■ **Available data**:
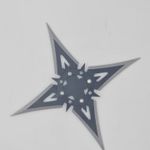 Sport si Outdoor - Sporturi de contact - Produse autoaparare - Steluta ninja pentru aruncat la tinta, neagra, 4 colturi, 10 cm - Infinity.ro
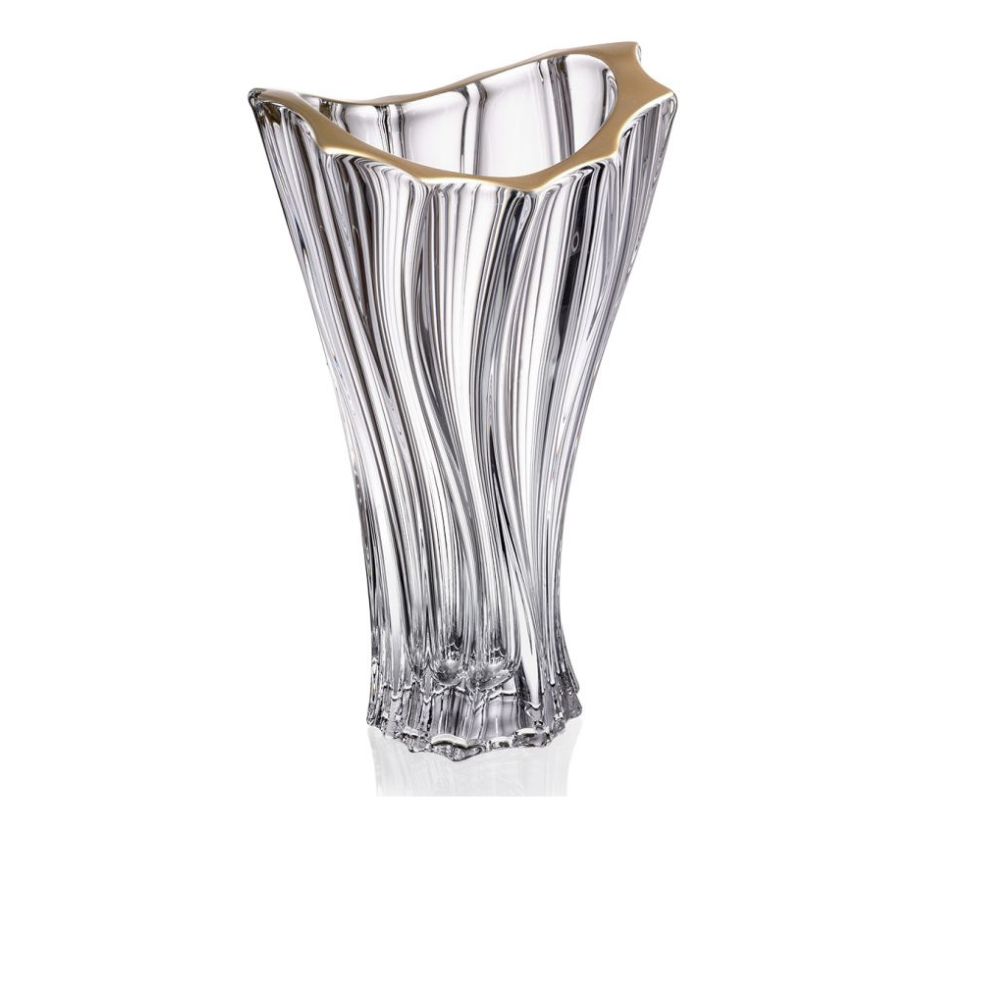 Wazon 32 cm Bohemia - Plantica Gold Rim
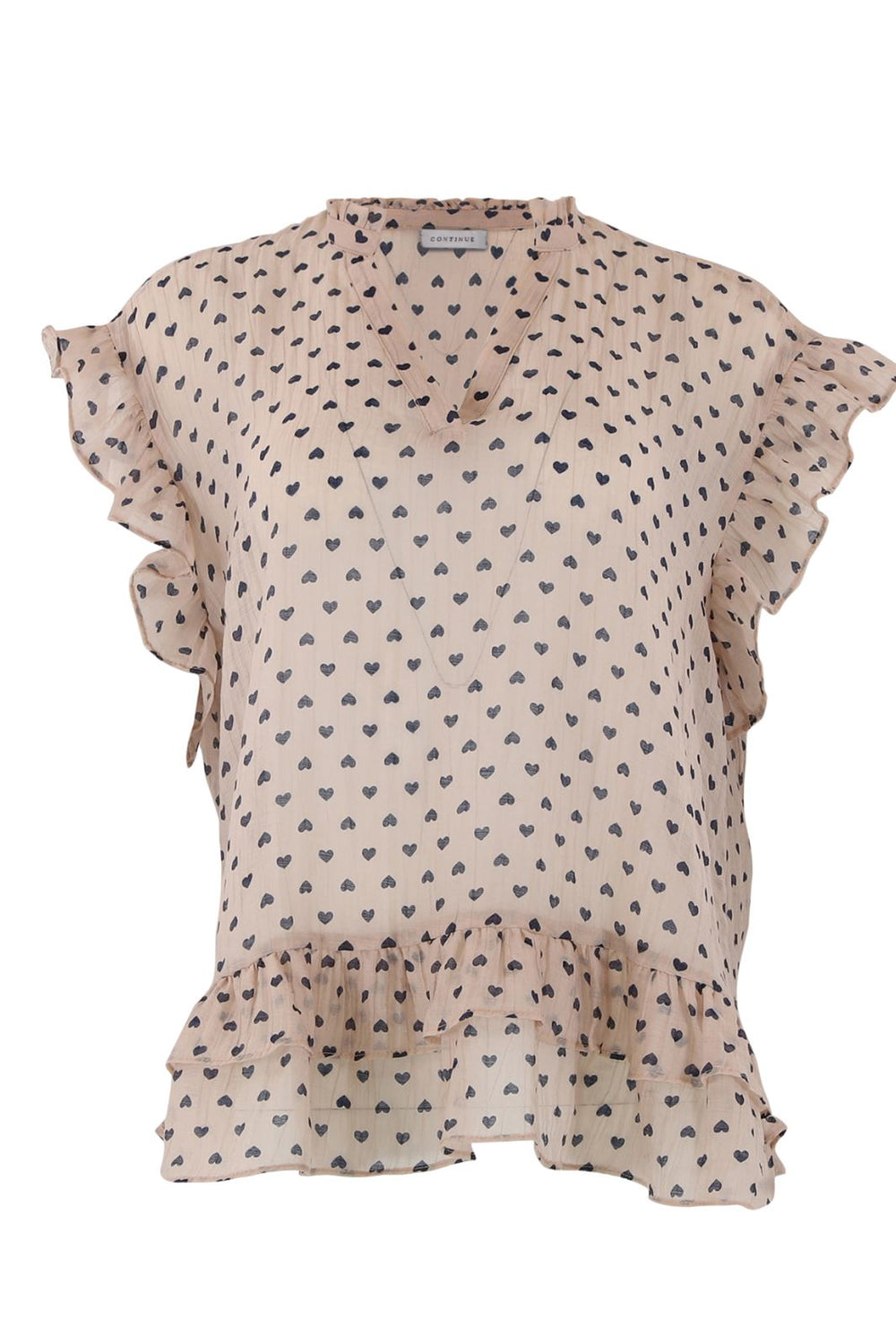 Continue - Kiss Heart - Nude Toppe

■ **Exercise description**: Transcribe all of the material exactly and leave out its pictures.

■ **Expected answer**:
 Sport si Outdoor - Sporturi de contact - Produse autoaparare - Steluta ninja pentru aruncat la tinta, neagra, 4 colturi, 10 cm - Infinity.ro
 Wazon 32 cm Bohemia - Plantica Gold Rim
 Continue - Kiss Heart - Nude Toppe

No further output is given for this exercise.